THE RECORDS —
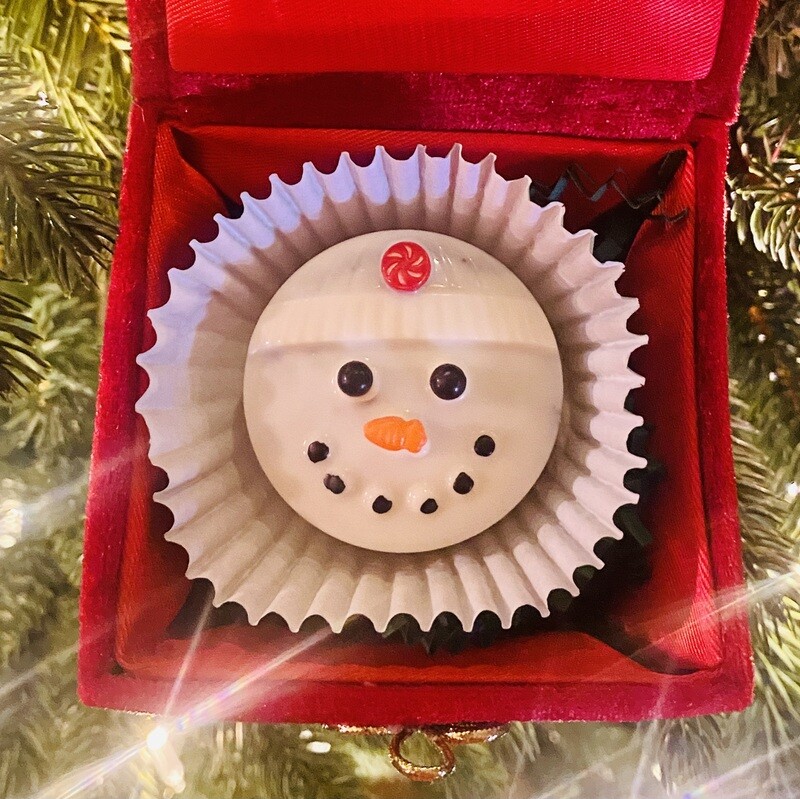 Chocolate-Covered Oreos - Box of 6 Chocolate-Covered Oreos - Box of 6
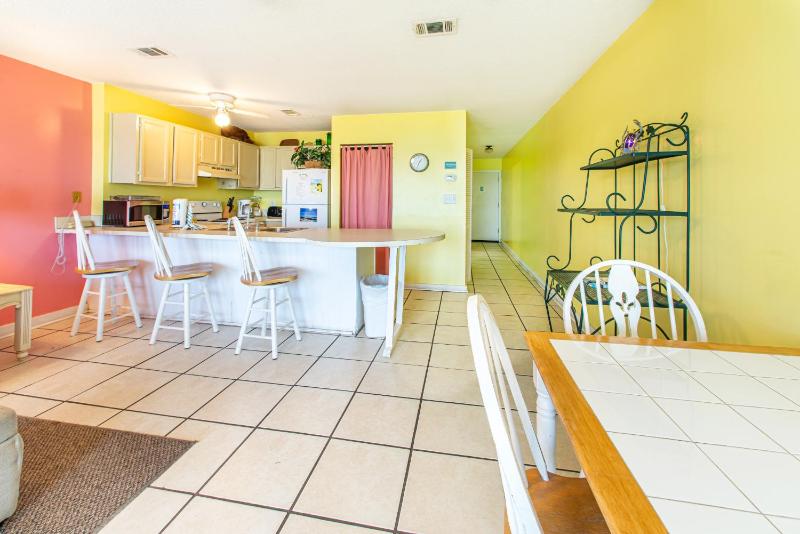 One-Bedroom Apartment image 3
---
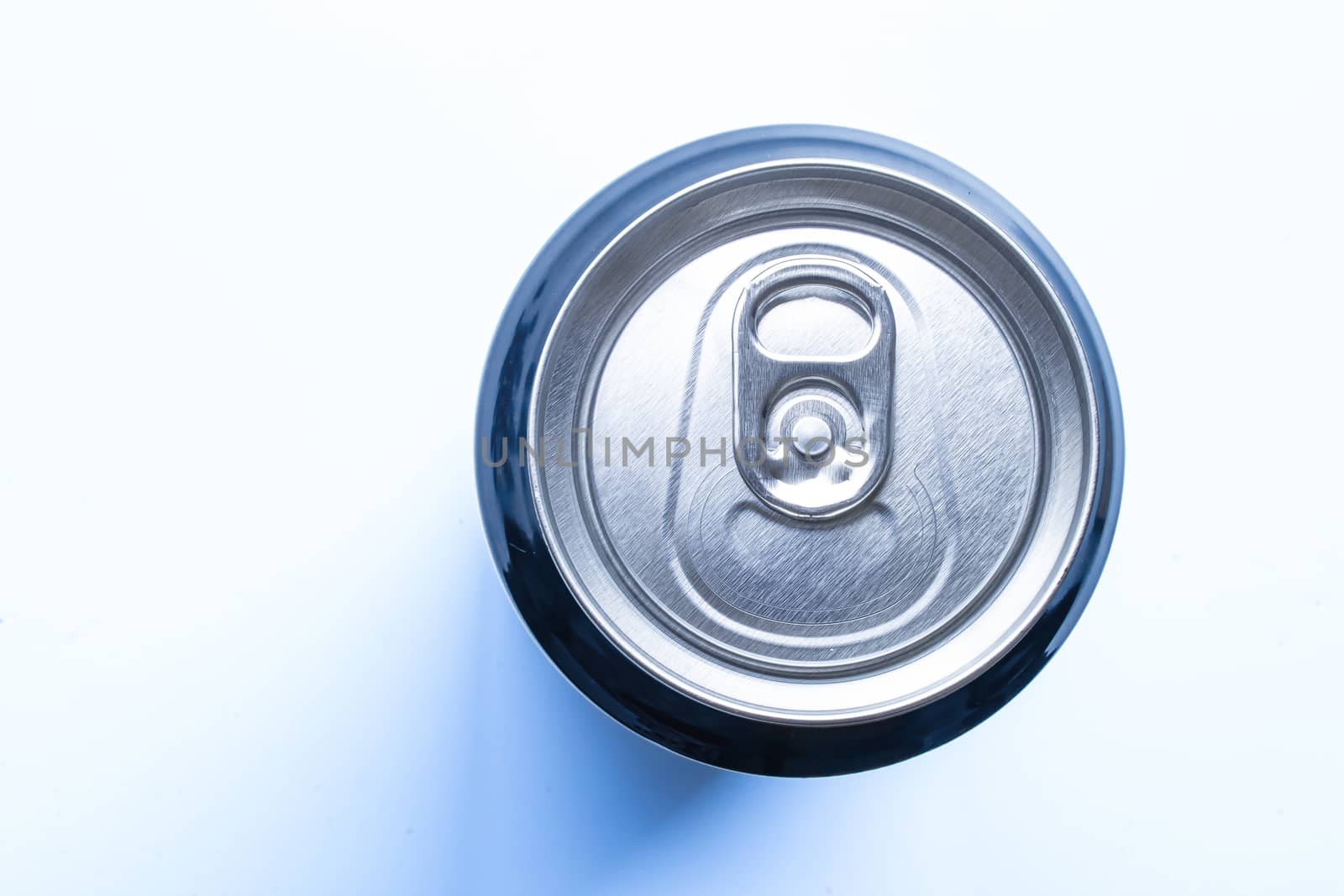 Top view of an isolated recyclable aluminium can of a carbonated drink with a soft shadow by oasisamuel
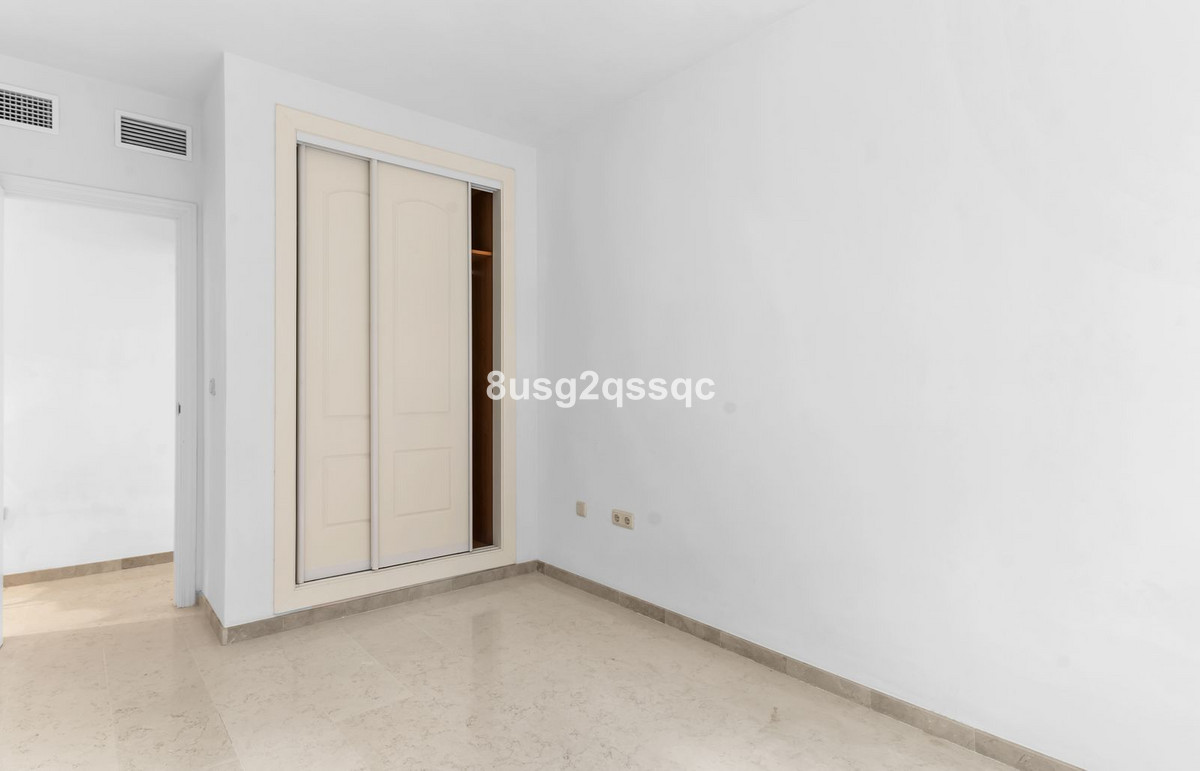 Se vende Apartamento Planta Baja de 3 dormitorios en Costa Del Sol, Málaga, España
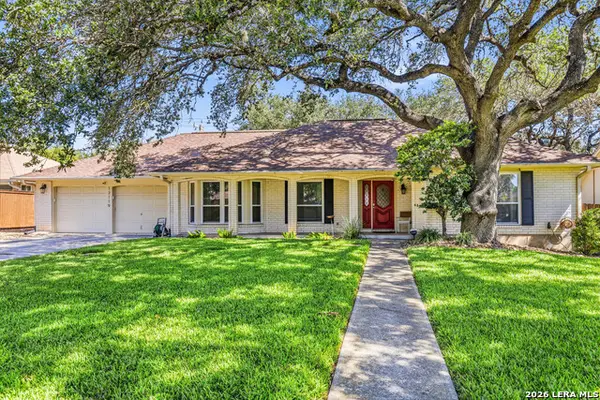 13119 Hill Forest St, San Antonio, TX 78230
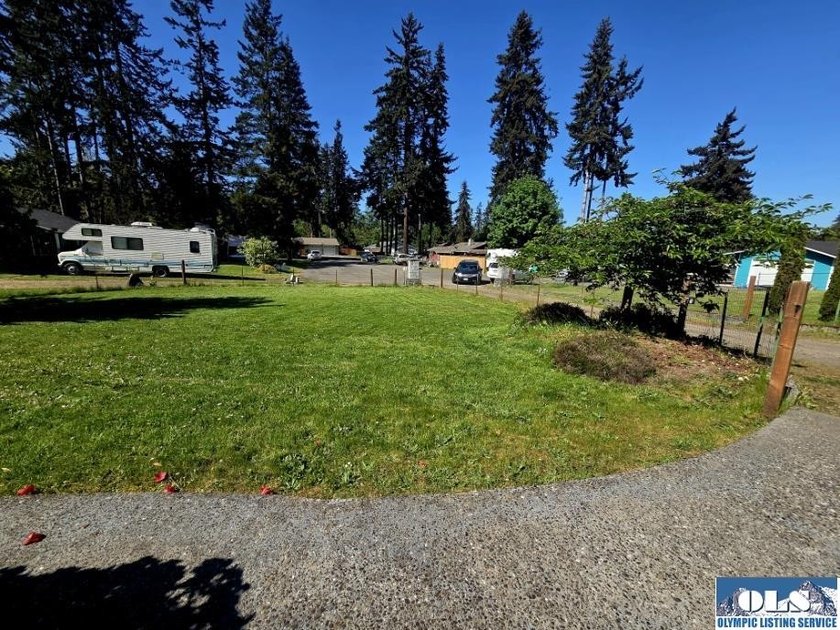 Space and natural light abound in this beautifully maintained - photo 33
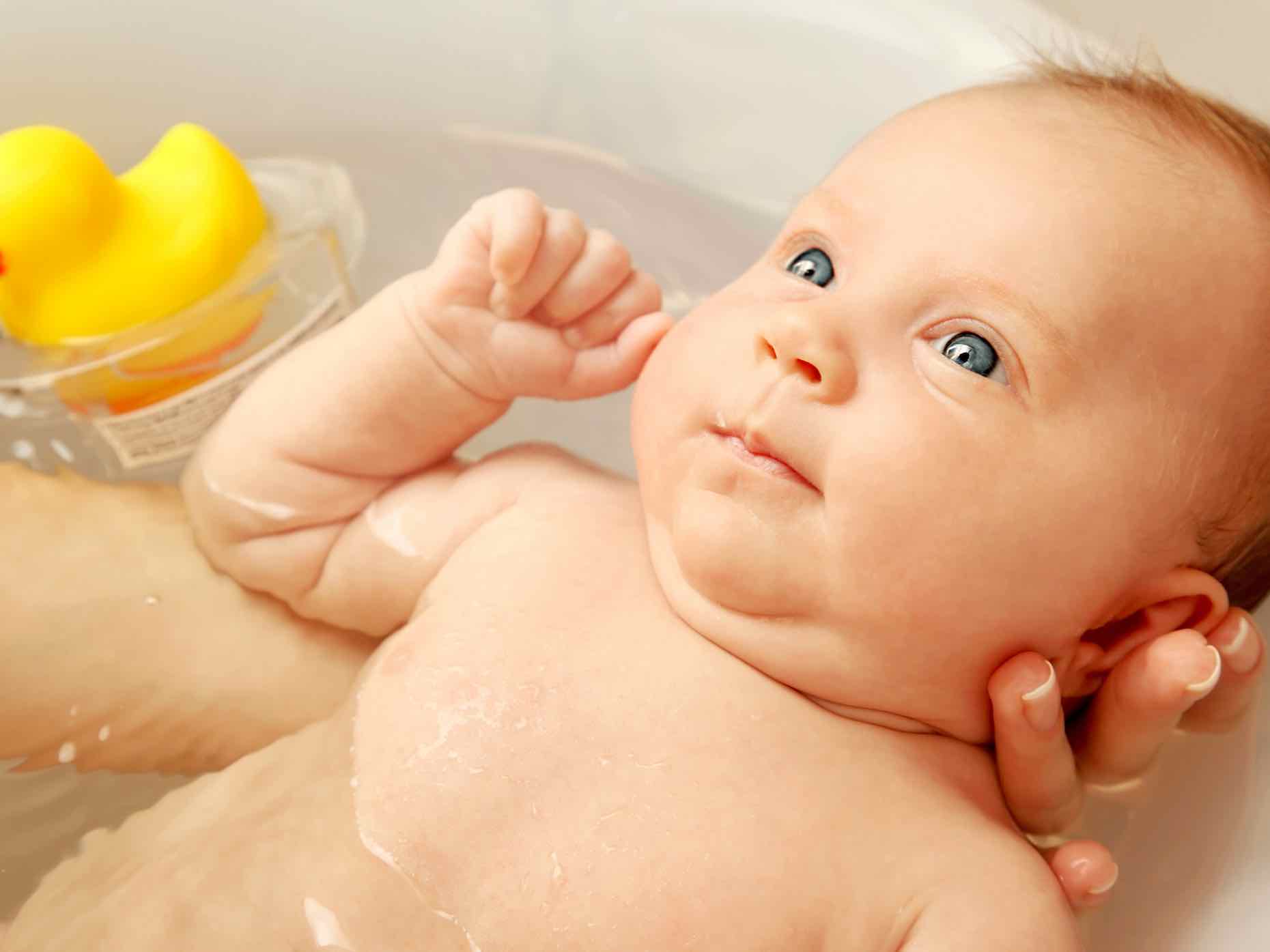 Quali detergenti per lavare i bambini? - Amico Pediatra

DIRECTIONS —
After locating the line containing "13119 Hill Forest St, San Antonio, TX 78230" in the entries above, return it and every line after it exactly, ending at the line containing "Quali detergenti per", without pictures.

RESULT FOR THIS TASK —
 13119 Hill Forest St, San Antonio, TX 78230
 Space and natural light abound in this beautifully maintained - photo 33
 Quali detergenti per lavare i bambini? - Amico Pediatra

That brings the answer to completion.